- Born: c. 1739 North Carolina
- Died: June 1809 (aged 69–70) Eaton's Ferry, Warren County, North Carolina
- Allegiance: Kingdom of Great Britain Continental Congress United States of America
- Branch: North Carolina state militia
- Service years: 1771, 1776–1781
- Rank: Brigadier General (Pro Tempore)
- Commands: Bute County Regiment (1776-1779) Warren County Regiment (1779-1783) Halifax District Brigade (1779, 1781)
- Conflicts: War of the Regulation; American Revolutionary War: Battle of Brier Creek; Battle of Guilford Courthouse; ;
- Spouses: Anna Bland Anne Stith Elizabeth Jones

= Thomas Eaton (general) =

American politician

Thomas Eaton (c. 1739 – June 1809) was a military officer in the North Carolina militia during the War of the Regulation in 1771 and American Revolutionary War from 1775 to 1784. He was a member of the North Carolina Provincial Congress and North Carolina House of Commons for several terms simultaneously with his military service. Eaton was a member of the North Carolina Council of State under Governor Richard Caswell. Eaton commanded soldiers in the battles of Brier Creek and Guilford Courthouse.
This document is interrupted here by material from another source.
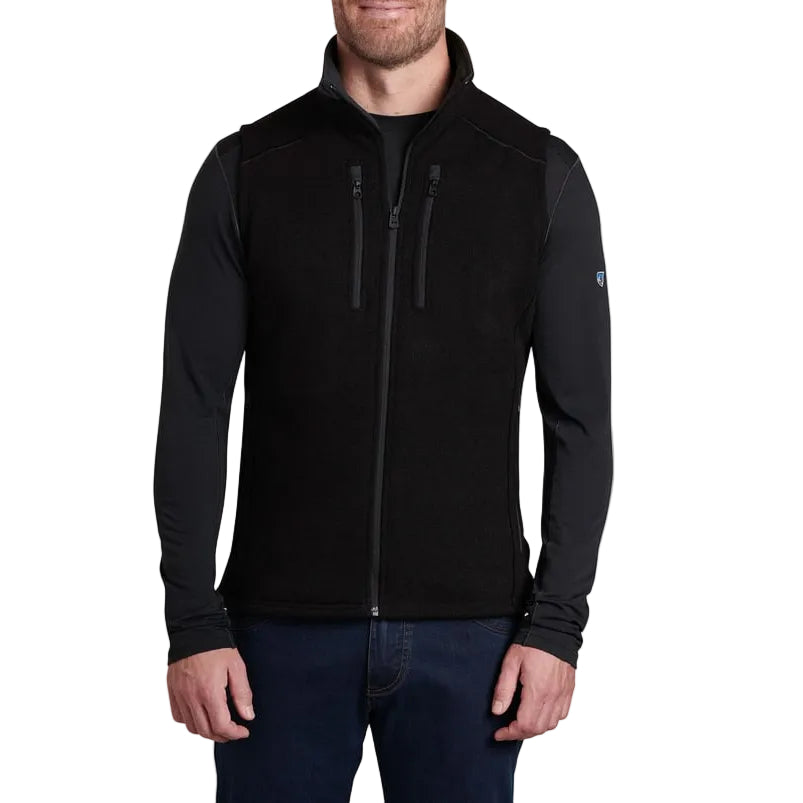 Man wearing a black jacket on a white background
At the time of the 1790 census, Eaton was one of the largest slaveholders in North Carolina.

==Early life and War of the Regulation==
Eaton was born to William Eaton and Mary Rives, who had moved to North Carolina from Prince George County, Virginia. Eaton was married three times, marrying his first wife, Anna Bland, in 1761. That marriage bore one daughter, Anna, in 1763. After purchasing land in Bute County, North Carolina, Eaton represented that county in the colonial North Carolina Assembly from 1769 to 1771. In 1771, Governor William Tryon named Eaton a colonel in the Bute County militia during the War of the Regulation. The militia organization supported the governor against the agrarian uprising in the piedmont region of North Carolina.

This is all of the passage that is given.